How to use
1. How to create a corpus (dataset)
This tool will analyze a corpus (a dataset) of text documents. Each document is simply a bit of text that you found on the web (or elsewhere). It can be as short as a sentence, or as long as a newspaper article. But it has to be just text (no images or other media).
First, let’s see how it works, then we will see where to find documents and how to select them.
How to get started
Click on “Get started” in the menu to load the “Documents” page.
If you just want to see the tool in action, load an example from the menu at the bottom of the screen.

If you want to make your own corpus, then click on “Add document” to start editing your first document.

This will open an interface to edit your first document.

A document consists of three parts:
- A title
- Textual content
- A category
How to fill a document
Let’s assume that you have a source of information, like a Wikipedia page, to use as a document.
- First, give a title. You can invent it, or reuse your source’s title (if it has one). It is just a way to identify your document easily. Type it in the top field of the interface.
- Second, copy-paste the textual content of your source into the middle field of the interface.
- Third, type a category in the bottom field. Be consistent in your spelling, or else each different spelling will count as a different category. We explain how to decide categories down below.
Once you have filled all three parts, you can save your document by clicking on the “Save” button. Note that you cannot save your document if it is not complete.
How to manage the dataset
You can create as many documents as you want.

We think you need at least 10 documents, but 20 is a better number. You could go up to 50, or more if your computer is powerful enough (it will take more time to compute).
Click on a saved to enter edit mode again. You can change it, or even delete it. Remember to save (or cancel) your changes.

You can save your dataset by clicking on the “Save (CSV)” button. You will be able to upload it later on, or share it with other people.

Once your corpus is ready, click on one of the three algorithms available just below your set of documents. They do different things. You can try them all. You will be able to come back to your documents and edit them if you want.

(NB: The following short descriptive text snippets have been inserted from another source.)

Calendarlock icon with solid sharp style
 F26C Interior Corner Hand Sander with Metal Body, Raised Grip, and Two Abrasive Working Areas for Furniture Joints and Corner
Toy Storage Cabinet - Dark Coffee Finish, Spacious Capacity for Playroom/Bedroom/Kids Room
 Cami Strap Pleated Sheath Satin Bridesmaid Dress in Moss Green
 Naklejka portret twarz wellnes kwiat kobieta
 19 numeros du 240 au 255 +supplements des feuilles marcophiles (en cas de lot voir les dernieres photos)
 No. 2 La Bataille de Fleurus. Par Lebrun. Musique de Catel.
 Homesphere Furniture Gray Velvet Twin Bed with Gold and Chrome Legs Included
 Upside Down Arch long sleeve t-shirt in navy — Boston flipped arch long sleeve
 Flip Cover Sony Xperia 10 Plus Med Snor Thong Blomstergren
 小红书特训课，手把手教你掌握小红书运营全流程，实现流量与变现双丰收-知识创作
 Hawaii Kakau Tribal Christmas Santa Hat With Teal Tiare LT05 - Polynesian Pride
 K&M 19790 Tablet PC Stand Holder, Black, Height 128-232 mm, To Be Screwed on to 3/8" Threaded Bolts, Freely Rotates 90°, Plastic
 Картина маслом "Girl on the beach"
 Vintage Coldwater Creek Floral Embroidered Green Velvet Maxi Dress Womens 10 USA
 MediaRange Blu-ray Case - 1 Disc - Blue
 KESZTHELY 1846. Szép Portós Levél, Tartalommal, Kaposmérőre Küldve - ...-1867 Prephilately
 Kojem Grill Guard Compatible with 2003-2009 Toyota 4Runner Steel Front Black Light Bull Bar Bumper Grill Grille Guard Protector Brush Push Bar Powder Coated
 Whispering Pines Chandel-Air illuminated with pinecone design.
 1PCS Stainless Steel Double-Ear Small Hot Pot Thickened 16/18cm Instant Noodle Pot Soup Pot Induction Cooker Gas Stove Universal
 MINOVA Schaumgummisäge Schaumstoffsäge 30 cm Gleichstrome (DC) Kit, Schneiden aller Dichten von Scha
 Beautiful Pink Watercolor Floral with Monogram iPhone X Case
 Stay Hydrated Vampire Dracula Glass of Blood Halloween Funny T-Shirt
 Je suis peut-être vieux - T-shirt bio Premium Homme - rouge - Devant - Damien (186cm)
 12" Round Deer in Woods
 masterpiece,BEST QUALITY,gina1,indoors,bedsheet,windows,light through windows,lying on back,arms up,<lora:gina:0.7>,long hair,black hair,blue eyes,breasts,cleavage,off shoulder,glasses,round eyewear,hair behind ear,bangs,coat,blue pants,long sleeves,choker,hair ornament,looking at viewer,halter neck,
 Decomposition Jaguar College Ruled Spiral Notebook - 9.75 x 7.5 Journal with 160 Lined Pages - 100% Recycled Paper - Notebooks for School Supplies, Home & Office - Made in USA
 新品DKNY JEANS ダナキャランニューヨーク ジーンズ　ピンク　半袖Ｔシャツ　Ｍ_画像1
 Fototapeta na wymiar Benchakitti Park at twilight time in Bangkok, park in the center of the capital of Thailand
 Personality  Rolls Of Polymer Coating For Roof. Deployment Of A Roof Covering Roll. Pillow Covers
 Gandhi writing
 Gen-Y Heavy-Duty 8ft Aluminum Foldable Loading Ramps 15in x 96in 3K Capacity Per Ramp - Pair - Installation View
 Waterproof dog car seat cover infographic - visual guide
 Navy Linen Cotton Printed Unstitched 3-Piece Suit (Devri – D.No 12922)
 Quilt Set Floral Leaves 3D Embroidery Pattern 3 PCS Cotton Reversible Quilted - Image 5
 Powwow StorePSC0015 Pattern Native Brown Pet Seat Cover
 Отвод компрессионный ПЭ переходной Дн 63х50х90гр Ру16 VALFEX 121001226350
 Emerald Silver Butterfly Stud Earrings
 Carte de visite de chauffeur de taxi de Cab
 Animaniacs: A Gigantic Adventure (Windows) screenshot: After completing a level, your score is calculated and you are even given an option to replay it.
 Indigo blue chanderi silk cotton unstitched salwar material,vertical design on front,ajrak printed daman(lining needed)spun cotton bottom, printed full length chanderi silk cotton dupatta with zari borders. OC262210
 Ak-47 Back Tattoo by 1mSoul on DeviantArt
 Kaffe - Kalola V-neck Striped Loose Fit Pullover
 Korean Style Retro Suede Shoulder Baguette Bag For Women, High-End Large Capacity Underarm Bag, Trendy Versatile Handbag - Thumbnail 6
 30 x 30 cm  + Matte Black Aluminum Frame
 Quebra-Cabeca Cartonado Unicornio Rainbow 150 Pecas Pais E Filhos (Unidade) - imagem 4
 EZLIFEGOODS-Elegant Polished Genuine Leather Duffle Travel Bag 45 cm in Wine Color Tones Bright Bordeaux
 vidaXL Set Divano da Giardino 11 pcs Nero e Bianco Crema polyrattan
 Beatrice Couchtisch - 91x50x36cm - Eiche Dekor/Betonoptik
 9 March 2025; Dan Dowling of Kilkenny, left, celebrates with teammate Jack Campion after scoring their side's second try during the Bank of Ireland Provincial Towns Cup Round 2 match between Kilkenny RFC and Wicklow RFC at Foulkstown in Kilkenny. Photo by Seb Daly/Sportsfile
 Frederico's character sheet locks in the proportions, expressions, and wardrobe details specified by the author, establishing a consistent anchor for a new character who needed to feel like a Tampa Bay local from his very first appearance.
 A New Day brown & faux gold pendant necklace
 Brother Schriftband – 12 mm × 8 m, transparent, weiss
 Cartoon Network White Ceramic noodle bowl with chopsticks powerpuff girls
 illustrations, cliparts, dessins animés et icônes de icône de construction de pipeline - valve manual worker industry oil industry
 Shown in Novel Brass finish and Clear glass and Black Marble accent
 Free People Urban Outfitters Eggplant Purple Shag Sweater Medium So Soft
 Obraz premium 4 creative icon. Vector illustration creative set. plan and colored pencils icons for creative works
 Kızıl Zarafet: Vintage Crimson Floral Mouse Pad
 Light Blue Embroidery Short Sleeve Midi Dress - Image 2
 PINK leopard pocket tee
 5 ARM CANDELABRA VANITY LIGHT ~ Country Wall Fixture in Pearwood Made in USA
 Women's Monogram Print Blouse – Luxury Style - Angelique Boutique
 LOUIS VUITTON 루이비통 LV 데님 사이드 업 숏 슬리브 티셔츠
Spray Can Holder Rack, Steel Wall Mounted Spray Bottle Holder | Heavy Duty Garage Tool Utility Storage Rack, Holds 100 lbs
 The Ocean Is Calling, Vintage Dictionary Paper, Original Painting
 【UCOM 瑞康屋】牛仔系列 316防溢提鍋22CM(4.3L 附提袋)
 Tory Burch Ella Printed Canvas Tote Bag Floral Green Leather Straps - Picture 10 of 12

Where to find documents and how to decide categories?
First of all, you can just try the tool and experiment with it to understand why categories matter. Feel free to experiment.
That being said, you will obtain the best results at three conditions:
- Find documents that naturally separate into two parts, like water and oil.
- Pick categories that reflect these two parts.
- It should not be completely obvious that the two groups are well separated.
If you add two groups of documents that are completely different, for instance articles about cheese and articles about sailing, they will separate but that is not interesting because we know for sure that they will. Maybe that would be interesting if they did not separate.
The good documents and categories should always be a little bit surprising. If you add two groups of documents where it is hard to know if they will be the same or not, then it is interesting. It provides a new information, because we did not know. You will find examples below.
The documents and the categories go together. Select them to make an interesting comparison. Think of them as a way to ask question such as: “Do you think that documents A and documents B are similar or different?” And of course, that question is interesting if it does not have an obvious answer. The algorithms will allow you to find and answer to the question you ask.
You could compare how we talk of two similar things. For example, you could compare how we talk about two religions, or men and women, or two nationalities, etc. That could be a way to look into discrimination. For instance, you could compare Wikipedia articles about male pop artists with Wikipedia articles about female pop artists. This would ask the question: “Are Wikipedia articles about male and female pop artists different or the same?” The answer is not obvious because, on the one hand, they are all pop artists, but on the other hand, they are men and women. So it is an interesting thing to look at.
You could also compare how two different media write about the same thing. You could compare how left-wing newspapers and right-wing newspapers write about the same subject, for instance immigration, the European Union, or nuclear energy. Or you could compare how a same topic is discussed on social media (Reddit, Facebook…) versus on mainstream media (newspapers, TV channels…). Or you could compare local press and national press, or the local press in one region and in another region, etc.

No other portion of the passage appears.